What if Antonius was the «ἀντωνομασθείς», the one who has changed his old (ethnic perhaps?) name and is now called by a new Roman name? 
Here's my fiction story: An Egyptian slave is freed and he is now a Rome resident, under the name Antonius Libertus (an emancipated person). He's a freedman with a changed (Antonius) Roman name.

PS: We all know that the previous scenario of mine with the Caracalla's decree became Roman Law: It raised provincial populations of Roman colonies to equal status with the city of Rome itself, thus anyone could take up a Roman name, irrelevent of ethnicity (that's why we have a Greek historian named Flavius Arrianus and a Jew historian named Flavius Josephus).


----------



## berndf

apmoy70 said:


> However, what I find intriguing is the omega in the Greek version of the name...

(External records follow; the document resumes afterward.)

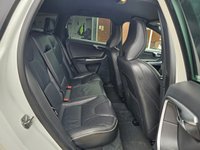 USED 2016 16 VOLVO XC60 2.4 D4 R-DESIGN LUX NAV AWD 5d 187 BHP High Spec Model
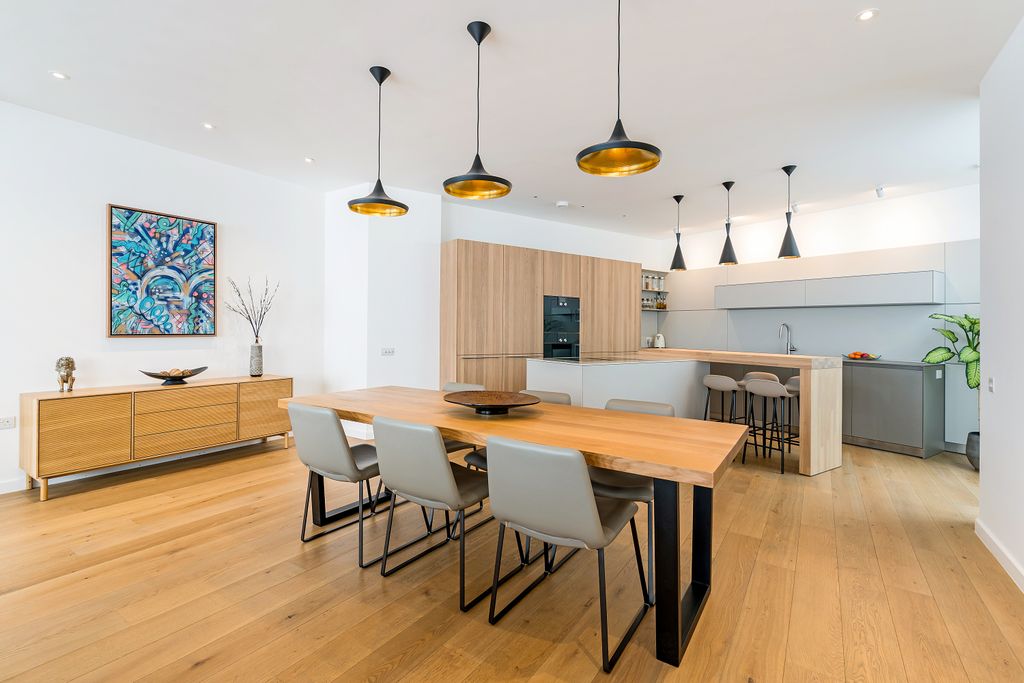 Property photo 1 of 17 Reception Room
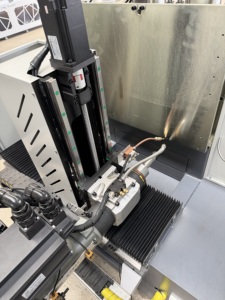 Equipo de Roscado de Extremos de Perfiles de Aluminio CNC Aura 2026 de Alta Calidad para Puertas y Ventanas, para Procesamiento de Perfiles - Product Image 3
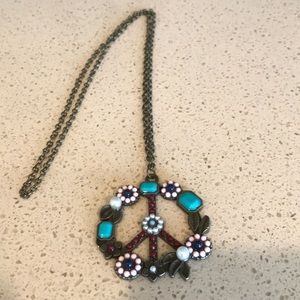 ✌🏻✌🏼✌🏽✌🏾✌🏿☮️ necklace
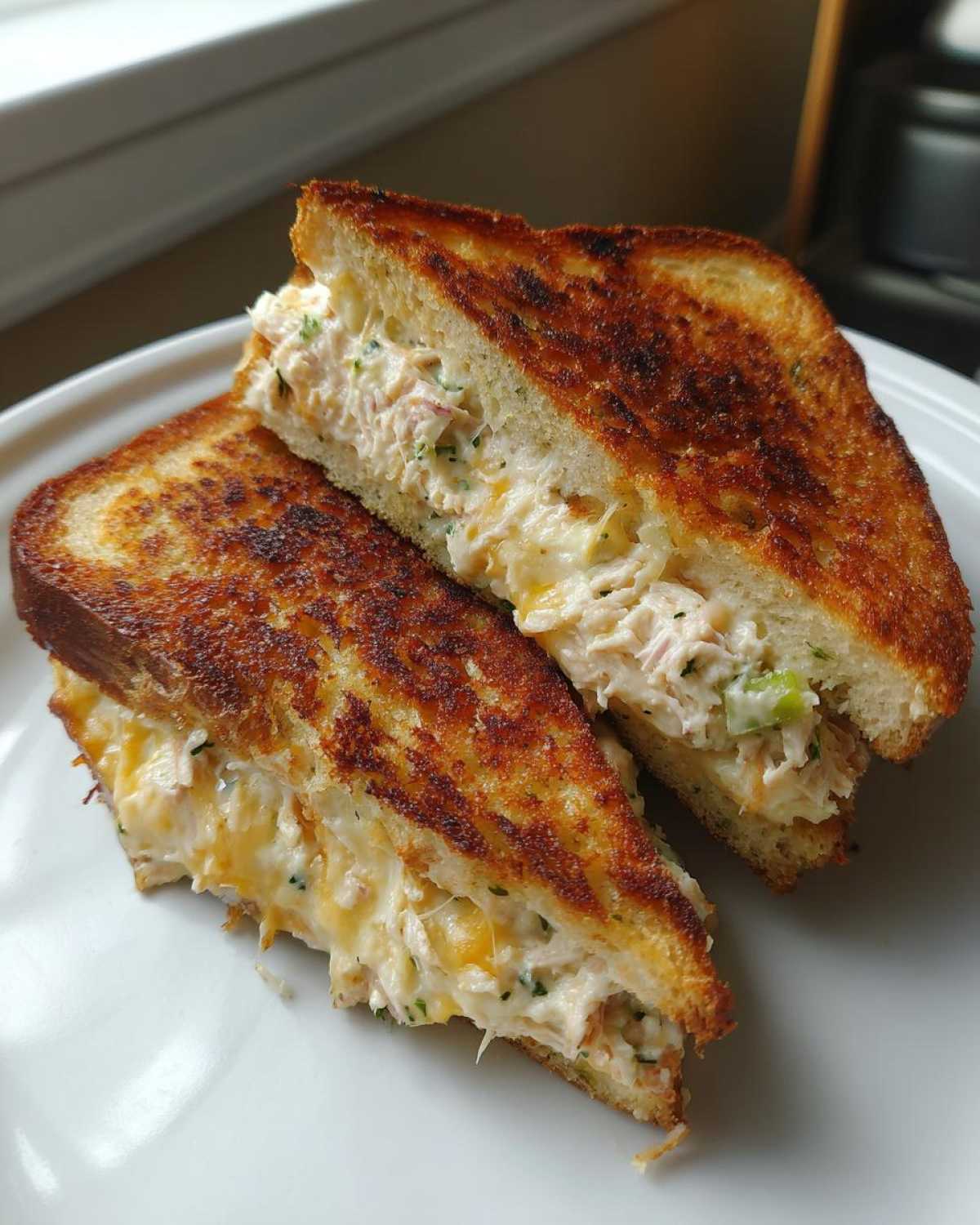 Classic tuna melt - detail 2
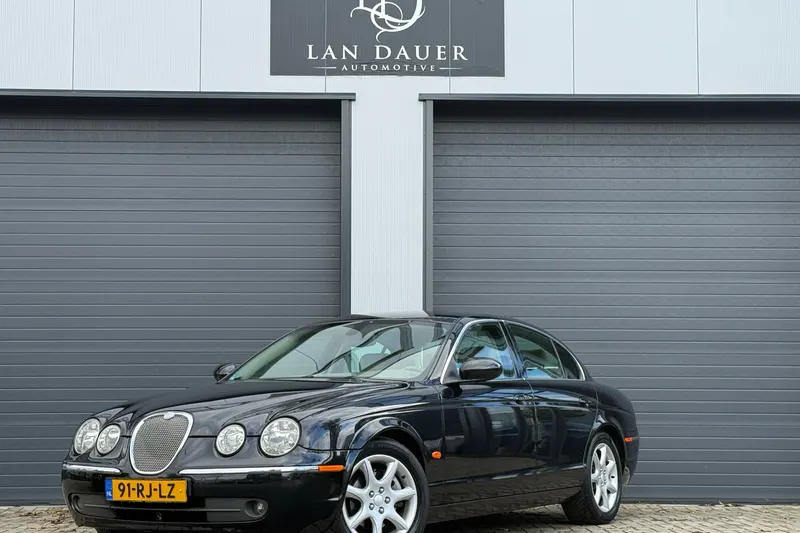 Jaguar S-Type (2005)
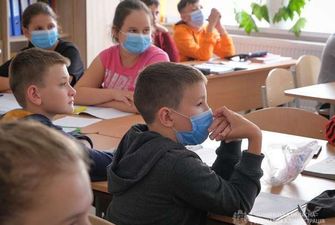 На Буковині 70 школярі та 8 дошкільнят хворіють на COVID-19
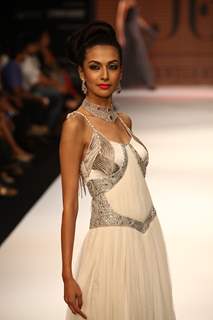 Jewels by Preeti's show on Day 2 at IIJW 2012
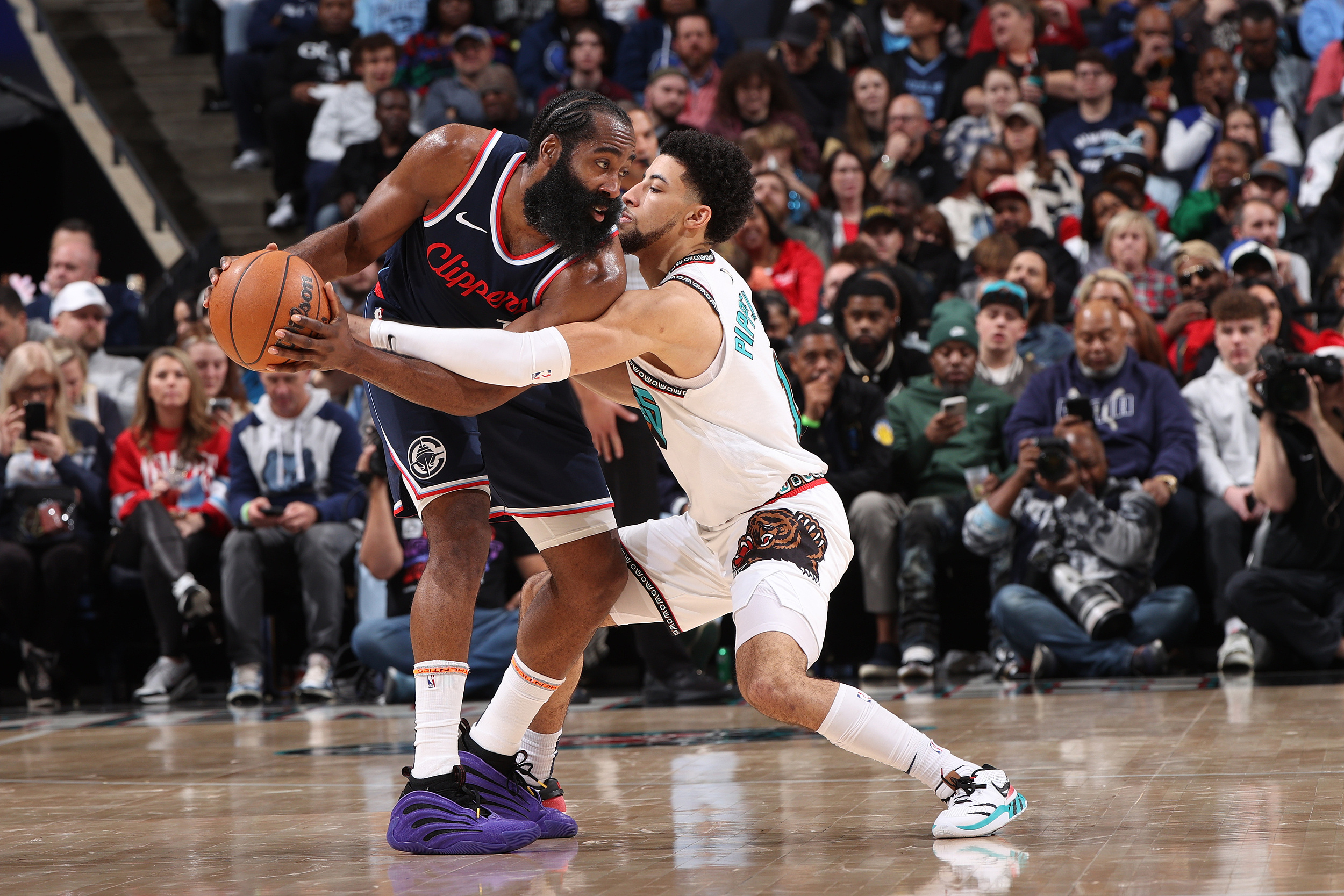 快船客场战胜小牛，哈雷尔表现出色攻防俱佳的简单介绍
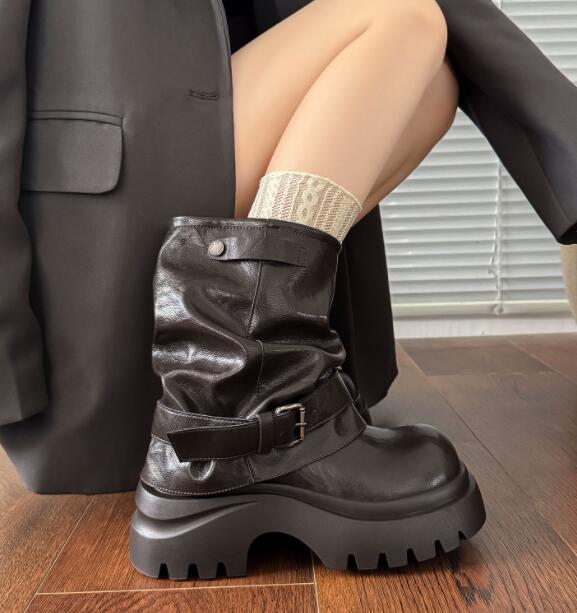 厚底ブーツ レザー調ベルト付きショートブーツ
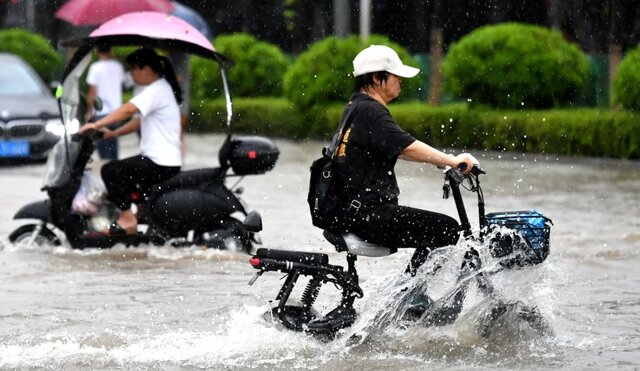 «هشدار قرمز» توفان برای مناطق شمالی چین؛ هزاران نفر از پکن تخلیه شدند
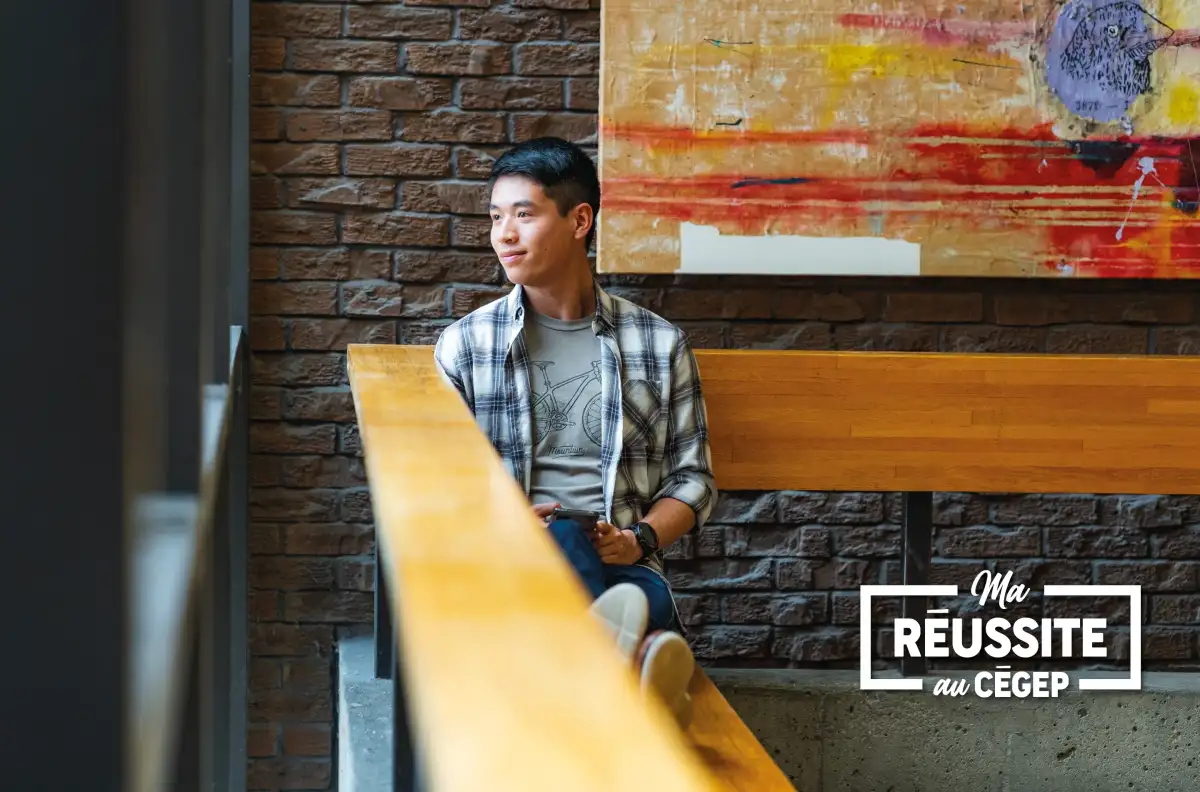 Étudiant assis dans les escaliers qui regarde ailleurs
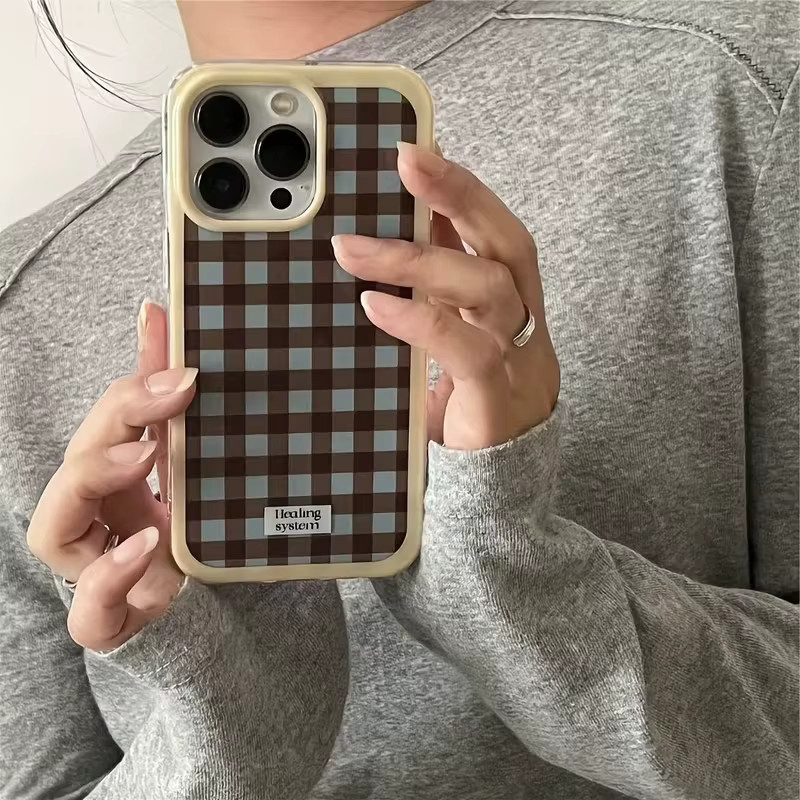 Karierte Handyhülle für Apple iPhone in Braun und Gelb als Soft Clear Cover - Bild 2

Why would this surprise you? Would Omega be the normal transliteration for a long Latin "o"?


----------



## apmoy70

berndf said:


> Why would this surprise you? Would Omega be the normal transliteration for a long Latin "o"?


Of course it would.
Any suggestions for the macron ō in the Latin Antōnius (that was my clumpsy previous attempt; I was trying to explain the ω and ō in both languages; the word could be a reloan, which explains both the omega and the long o)


----------



## berndf

apmoy70 said:


> Of course it would.
> Any suggestions for the macron ō in the Latin Antōnius (that was my clumpsy previous attempt; I was trying to explain the ω and ō in both languages; the word could be a reloan, which explains both the omega and the long o)


Ok, I see. But you realize, that you mix up time scales in your story, don't you?
First, Titus Flavius Josephus lived about a century before Caracalla and he carried, like every slave, nomen and nomen generis of his owner (Titus Flavius Vespasianus).
Second, the oldest known member of the gens Antonia was Titus Antonius Merenda who was decemvir in 450BC, 400 years before Marc Anthony's restoration of the Ptolemaic Empire, 650 years before the reign of Caracalla and 800 years before the death of St. Anthony.


----------